As part of a SAP HANA deployment, there are a set of recommendations around the Azure VM disk caching settings and the use of the Azure VM WriteAccelerator.
These features should be applied to the SAP HANA database data volume and log volume disks to ensure optimum performance of the database I/O operations.

This post is not about the cache settings, but about how it’s possible to gather the required information about the current settings across your landscape.

There are 3 main methods available to an infrastructure person, to see the current Azure VM disk cache settings.
I will discuss these method below.

1, Using the Azure Portal

You can use the Azure Portal to locate the VM you are interested in, then checking the disks, and looking on each disk.
You can only see the disk cache settings under the VM view inside the Azure Portal.

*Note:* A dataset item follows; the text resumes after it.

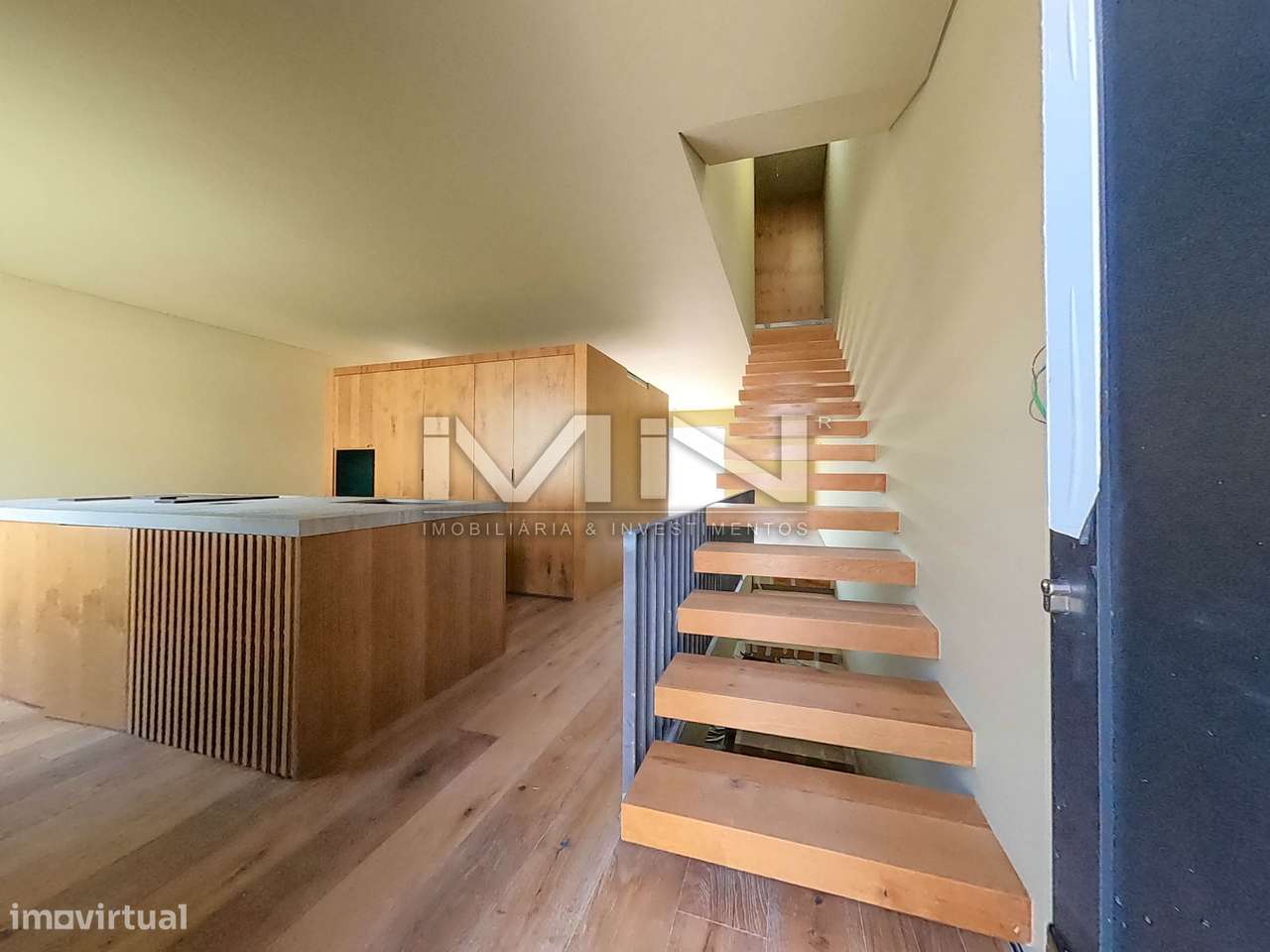 Moradia V4 -c/ piscina - 5 km do Porto-9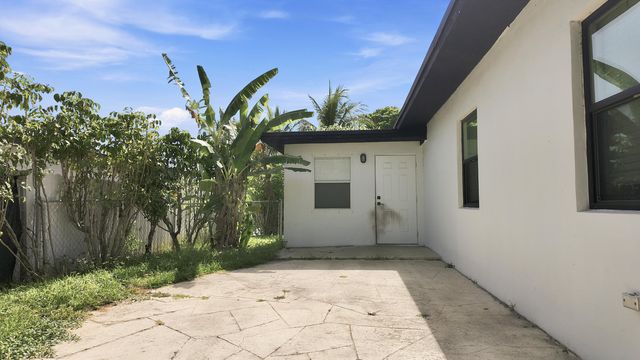 720 S 11th Street, Lantana, FL 33462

While slightly counter intuitive (you would expect to see the same under the “Disks” view), it’s because the disk cache feature is provided for by the VM onto which the disks are bound, therefore it’s tied to the VM view.

2, Using the Azure CLI

Using the Azure CLI (bash or powershell) to find the disks and get the settings.

This is by far the most common approach for anyone managing a large estate. It uses the existing Azure API layers and the Azure CLI to query your Azure subscription, return the data in JSON format and parse it.
The actual query is written in JMESPATH (https://jmespath.org/) and is similar to XPath (for XML).

A couple of sample queries in BASH (my favourite shell):

List all VM names:

az vm list --query [].name -o table

List VM names, powerstate, vmsize, O/S and RG:

az vm list --show-details --query '[].{name:name, state:powerState, OS:storageProfile.osDisk.osType, Type:hardwareProfile.vmSize, rg:resourceGroup, diskName:storageProfile.dataDisks.name, diskLUN:storageProfile.dataDisks.lun, diskCaching:storageProfile.dataDisks.caching, diskSizeG:storageProfile.dataDisks.diskSizeGb, WAEnabled:storageProfile.dataDisks.writeAcceleratorEnabled }' -o table

List all VMs with names ending d01 or d02 or d03, then pull out the data disk details and whether the WriteAccelerator is enabled:

az vm list --query "[?ends_with(name,'d01')||ends_with(name,'d02')||ends_with(name,'d03')]|[].storageProfile.dataDisks[].[lun,name,caching,diskSizeGb,writeAcceleratorEnabled]" -o tsv

To execute the above, simply launch the Cloud Shell and select “Bash” in the Azure Portal:

Then paste in the query and hit return:

3, A Most Obscure Method.

Since SAP require you to have the “Enhanced Monitoring for Linux” (OEM) agent extension installed, you can obtain the disk details directly on each VM.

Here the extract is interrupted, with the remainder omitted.